Secondo i dati elaborati dall’Università Cattolica, dal Ministero della Sanità del Giappone e da Hikikomori Italia e riportati da La Stampa, il fenomeno non è nuovo né per l’Italia né per le altre nazioni sviluppate del mondo. I primi casi di hikikomori in Italia sono stati riconosciuti 11 anni fa. Tuttavia, ciò che preoccupa sono i numeri di questa nuova piaga. In Giappone gli hikikomori sono 1 milione, dieci volte in più dell’Italia, e rappresentano il 2,2% della popolazione nipponica. In Francia il fenomeno colpisce 120 mila giovani, quasi quanto in Italia. L’apatia è la nota dominante delle giornate di questi ragazzi: non c’è nulla che li entusiasmi o li spinga a fare qualcosa. Ecco perché gli Hikikomori non sono identificabili con i NEET. I giovani fuori dal circuito della formazione e del lavoro, che in Italia sono 2 milioni, hanno comunque una vita sociale piena di relazioni, non tendono ad isolarsi. Nel caso degli Hikikomori, uno dei principali sintomi è, invece, rappresentato dalla repulsione sociale - è considerato hikikomori chi non esce da casa per almeno 6 mesi -, a cui si aggiungono l’angoscia per la scuola e la fuga in Rete. La scelta di stare sui social non è contraddittoria a quella di isolarsi nella vita reale. Anzi. Internet consente di stare in contatto con il mondo, di esserci, ma senza che nessuno pretenda niente da te. Spesso, infatti, ciò che spinge ad isolarsi è la pressione sociale subita e lo spirito competitivo esasperato che li circonda. I giovani che vivono questa condizione non riescono a soddisfare le aspettative che gli altri hanno su di loro e, di conseguenza, si chiudono nel loro mondo. Proprio al fine di evitare anche i contatti in casa, essi spesso invertono i ritmi di vita: dormono di giorno e stanno svegli di notte, preferendo le incursioni notturne in cucina per mangiare qualcosa quando il resto della famiglia è a letto. Ed è soprattutto di notte che la Rete tiene loro compagnia. Quella stessa Rete che costituisce una delle maggiori cause di questo fenomeno in crescita, dal momento che da la possibilità di scappare dal mondo reale e di rifugiarsi in quello virtuale. Oltre all’ambiente nel quale questi giovani crescono,

ad influire sulla tendenza all’isolazionismo è la loro maggiore sensibilità che li rende più fragili.

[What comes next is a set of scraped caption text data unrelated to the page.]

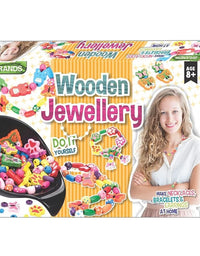 DIY Wooden Jewellery Kit | Beads Jewellery Making Kit for Girls
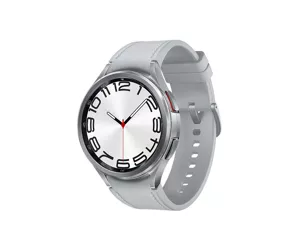 Samsung Galaxy Watch6 Classic SM-R960NZSADBT Viedpulkstenis un sporta pulkstenis 3,81 cm (1.5") OLED 47 mm Digitāls 480 x 480 pikseļi Skārienjūtīgais ekrāns Sudrabs Wi-Fi GPS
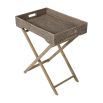 Rustic rattan tray table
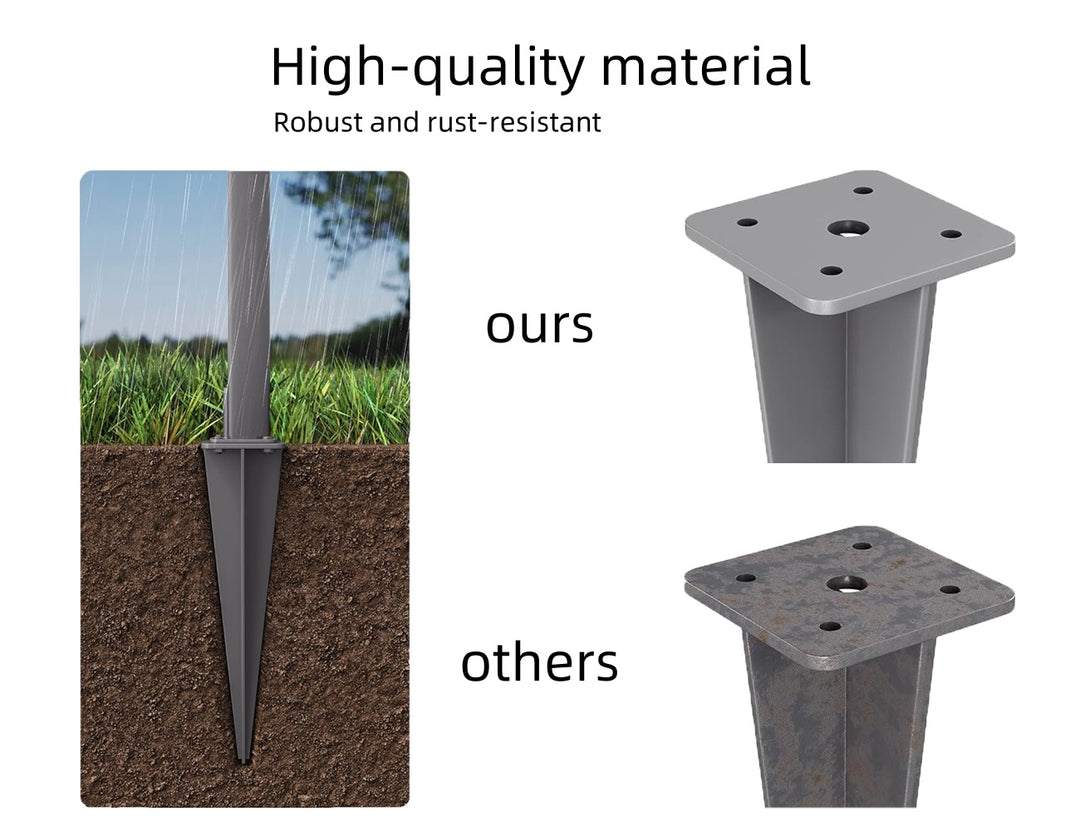 Ground Spike Base for Retractable Side Awning
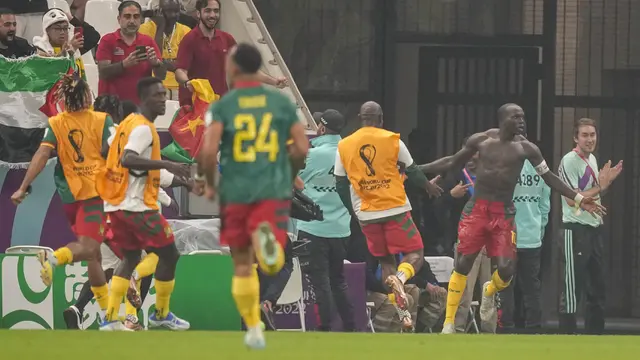 Timnas Kamerun vs Timnas Brasil Grup G Piala Dunia 2022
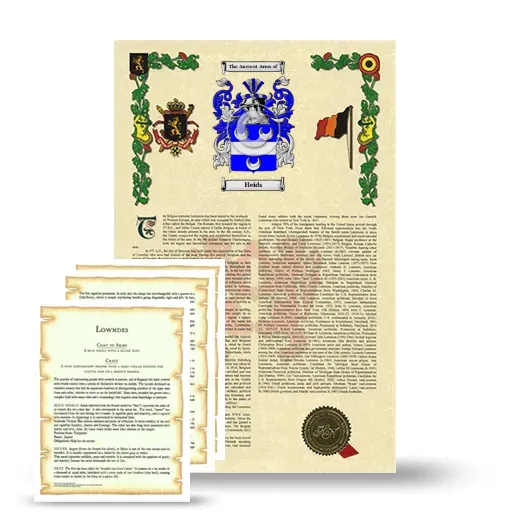 Heids Armorial History and Symbolism package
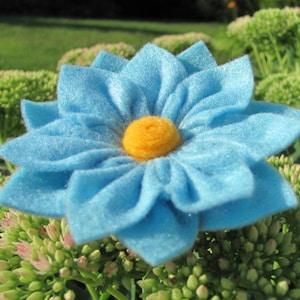 Felt Flower Pattern ANGELINA FLOWER Felt Flower Tutorial Brooch Hairclip Headband PDF ePattern eBook How To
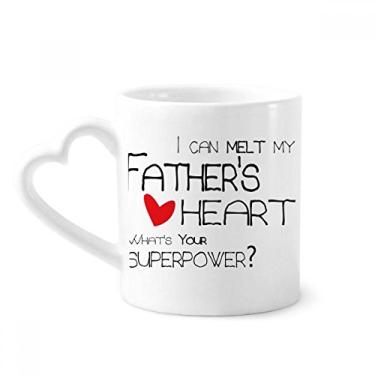 Imagem de I Can Melt My Father's Heart Best Papa Love Caneca de café cerâmica copo de coração de vidro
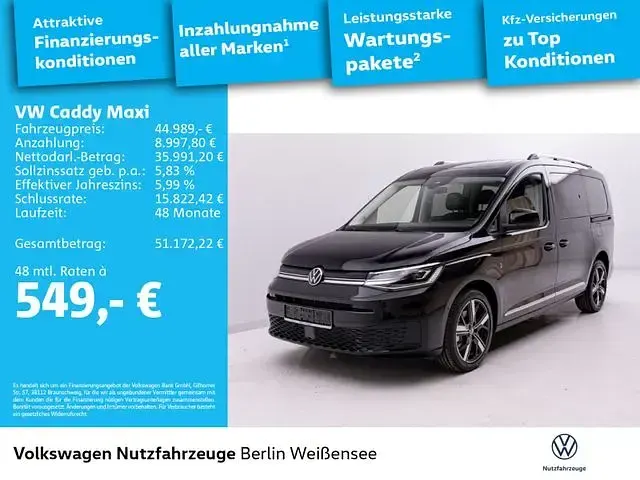 Gebraucht VW Caddy Maxi Style 116 PS (85 kW) 2025 Schwarz Van / Kleinbus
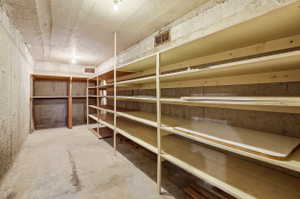 View of storage room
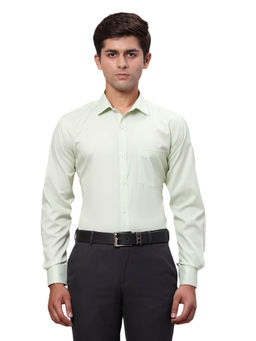 Park Avenue - Slim Fit Formal Shirt Full Sleeves Collar Neck Textured Green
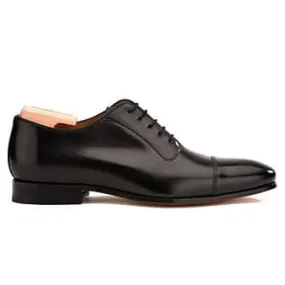 Black Oxford Men's Shoes - Leather Outsole - RINGWOOD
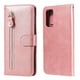 thumbnail image 1 of Funda con Cremallera para Samsung Galaxy S20 FE 4G/5G, Carcasa Cartera de Cuero PU con Soporte y Tarjetero, 1 of 6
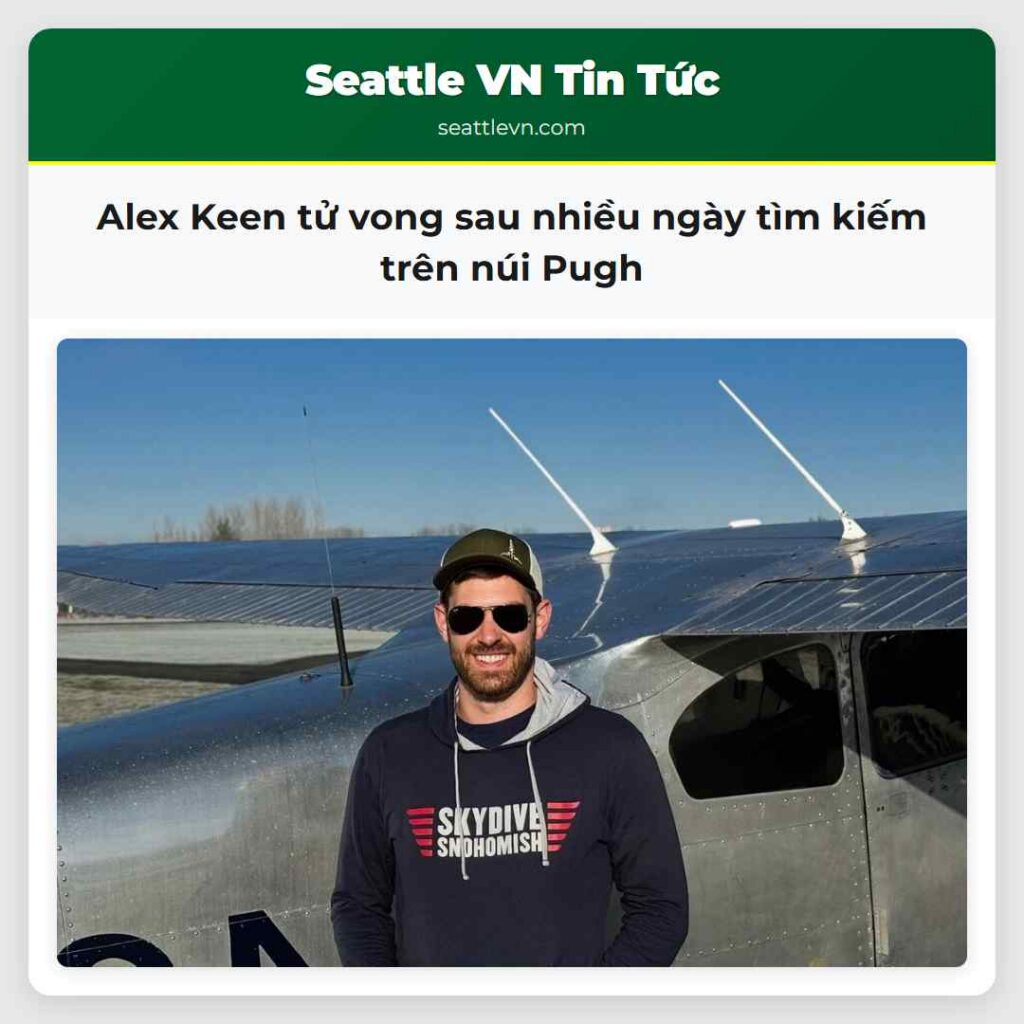 Alex Keen tử vong sau nhiều ngày tìm kiếm trên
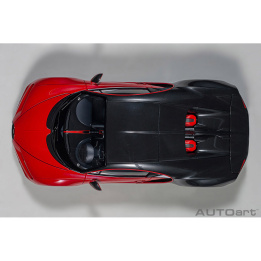 autoart - 1:18 bugatti chiron sport (italian red/carbon)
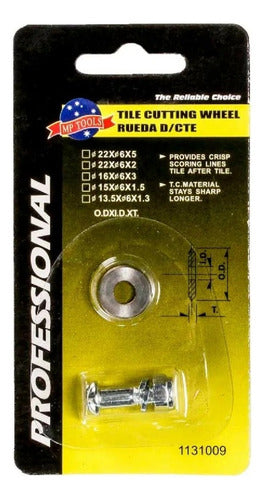 Cortador De Rueda Para Blister En Acero 15 x 6 x 1.5mm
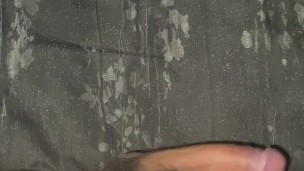 Latino Jerking Off His Uncut Dick and Edging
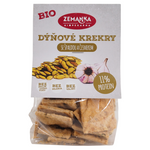 Krakersy z pestkami dyni i czosnkiem bio 100 g - ZEMANKA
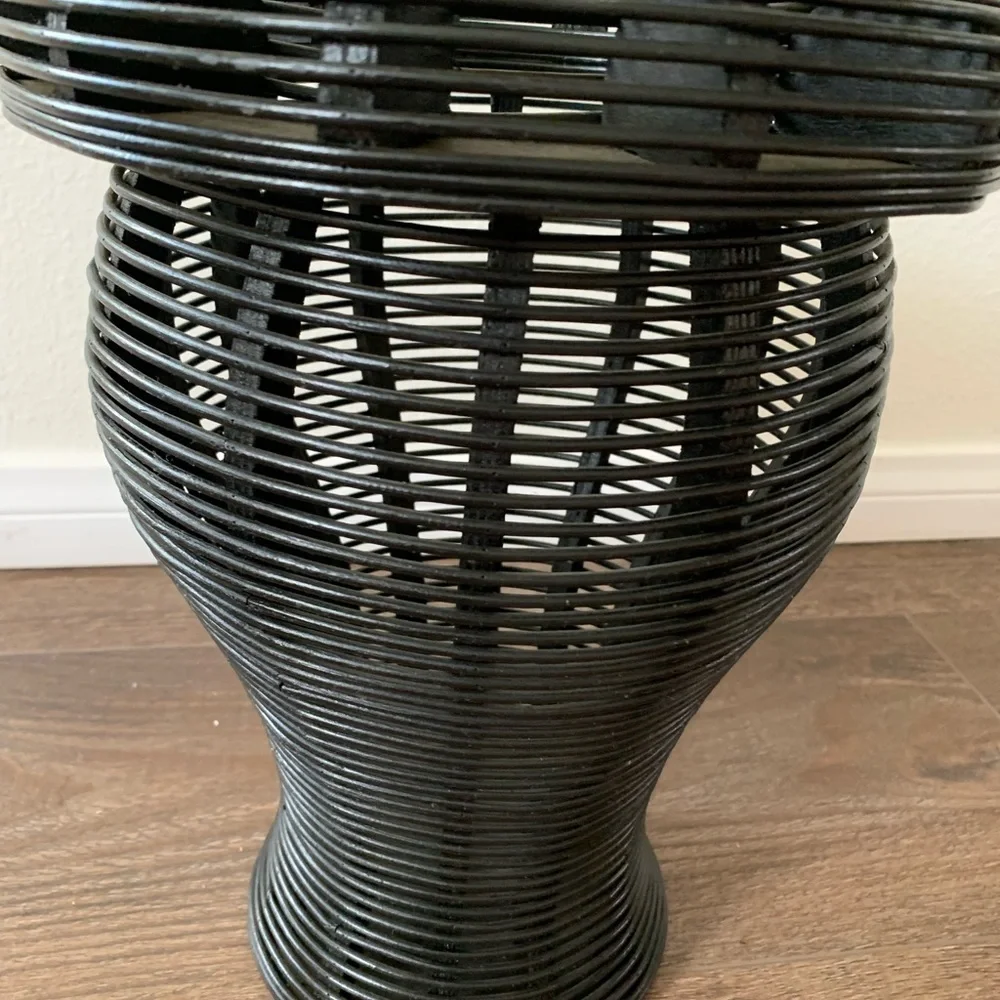 Rattan vase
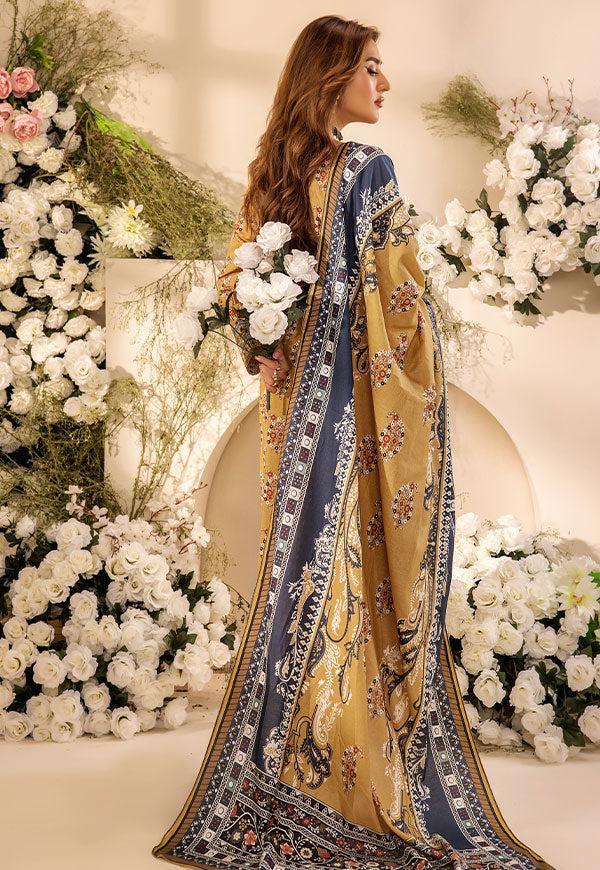 3 Pc Digital Printed Suit By Safwa Brand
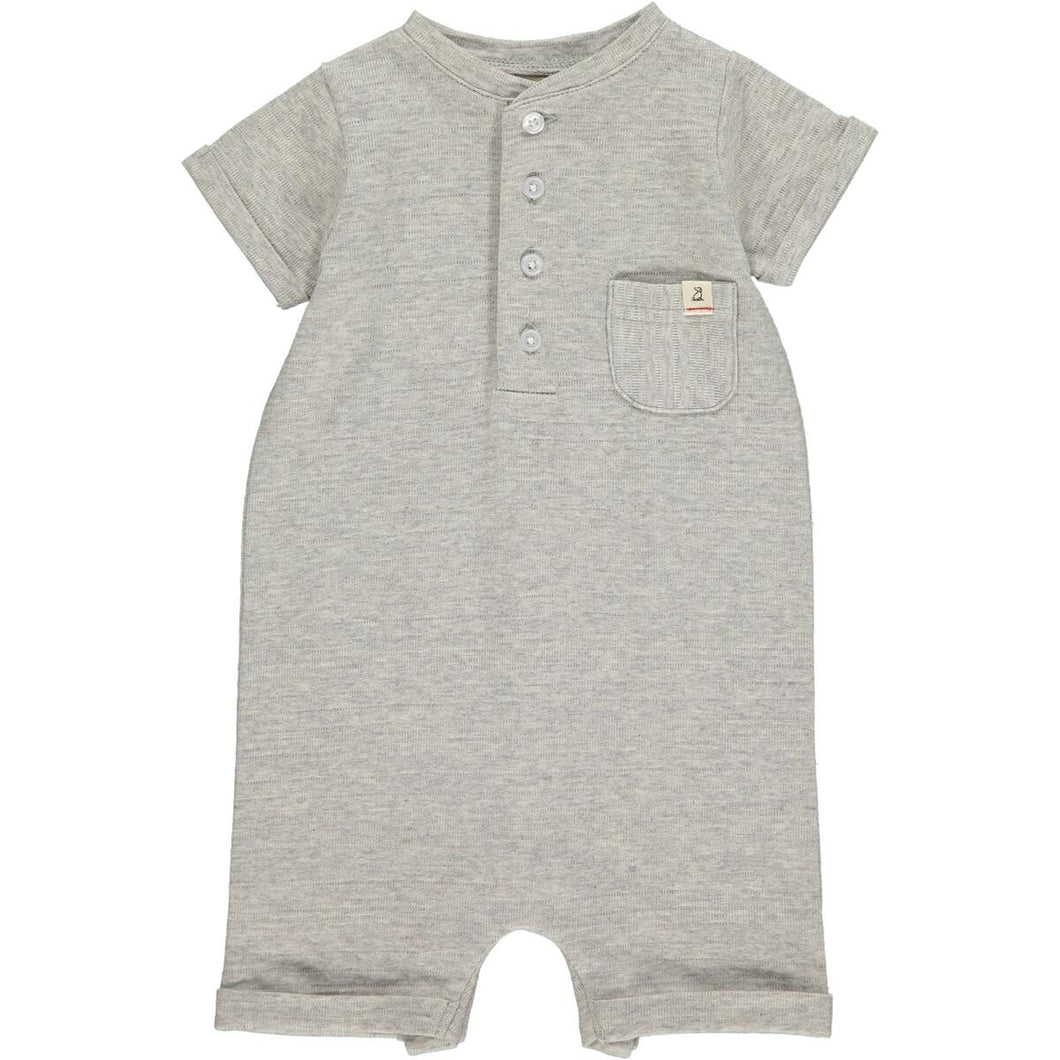 Me & Henry Baby Boys Camborne Henley Romper
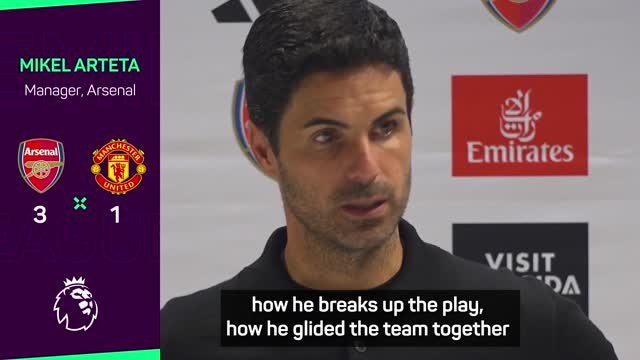 Arteta lauds 'magic' Rice in United win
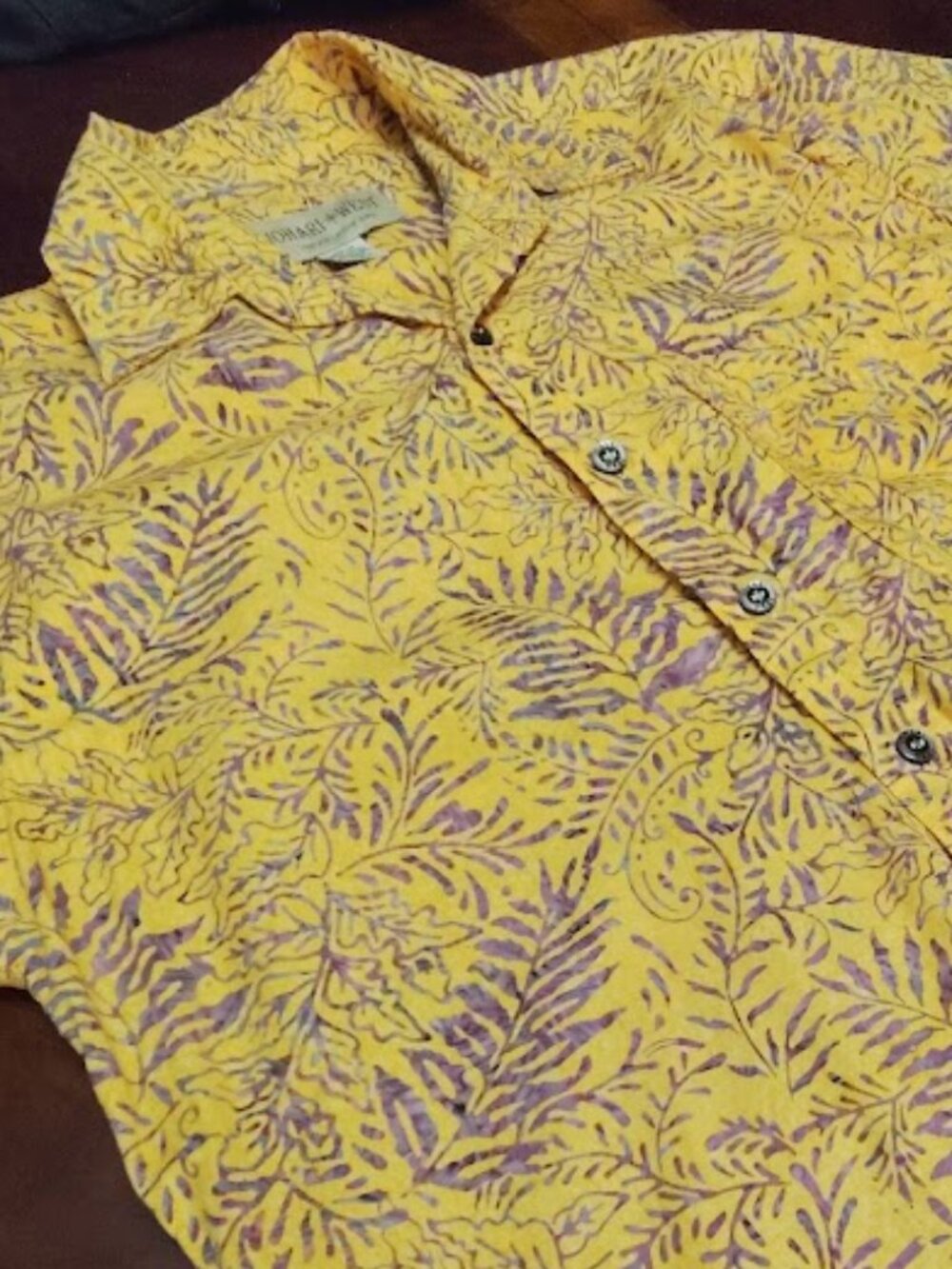 Johari West Men's Hawaiian Shirt sz M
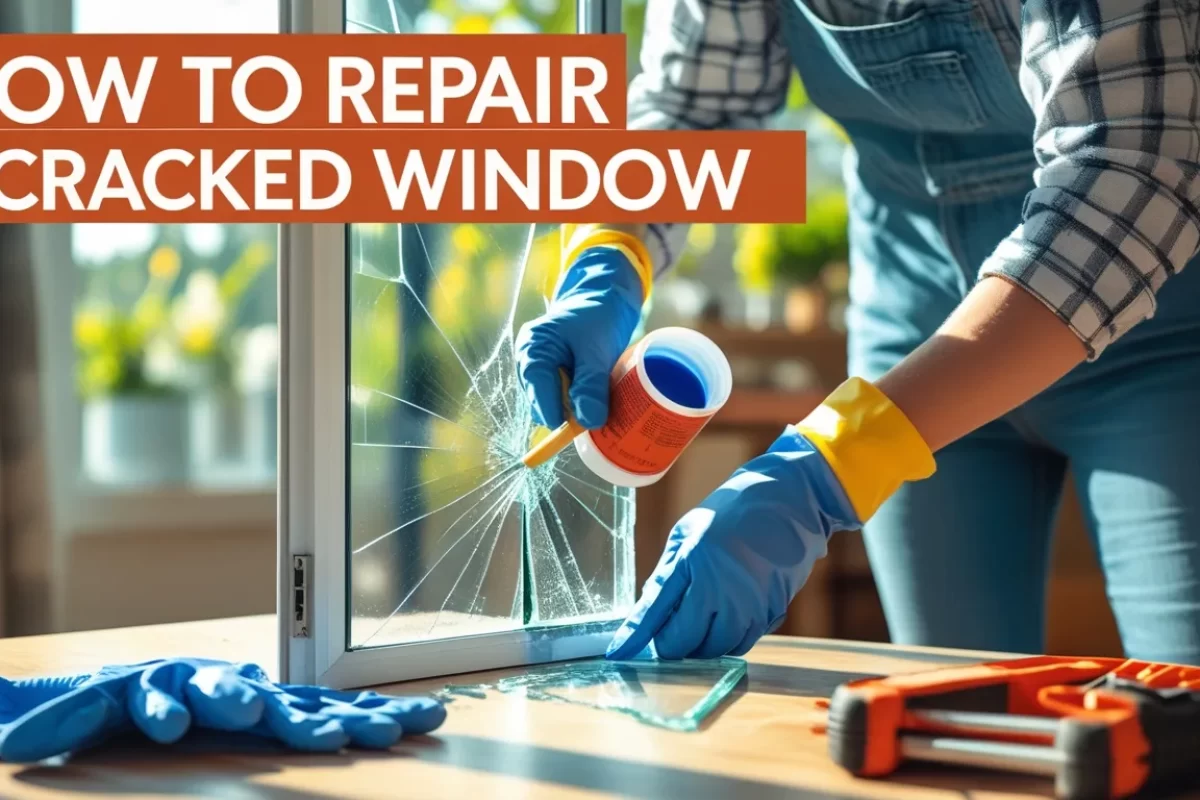 how to repair a cracked window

In Giappone il fenomeno investe tutti gli strati della società. A Tokyo, addirittura, sono nati dei bar esclusivi per gli Hikikomori. In questi locali sedie e sgabelli sono rivolti verso il muro, dal momento che sono frequentati solo da chi non vuole parlare con nessuno. L’unica possibilità di scambiare due chiacchiere è data dalla presenza di ragazze che servono il tè e adottano un approccio sensuale. Esse rappresentano un modo per cercare di far uscire i Hikikomori dalla quattro mura delle loro stanze. Infatti, un aiuto positivo per questi giovani è quello di evitare atteggiamenti di forzatura o supponenti, ponendosi invece come interlocutori empatici e non giudicanti. Ciò vale tanto per le famiglie che per la scuola e gli specialisti dei disturbi psichiatrici, i quali dovranno al più presto dotarsi di protocolli efficaci per affrontare il fenomeno dell’isolazionismo.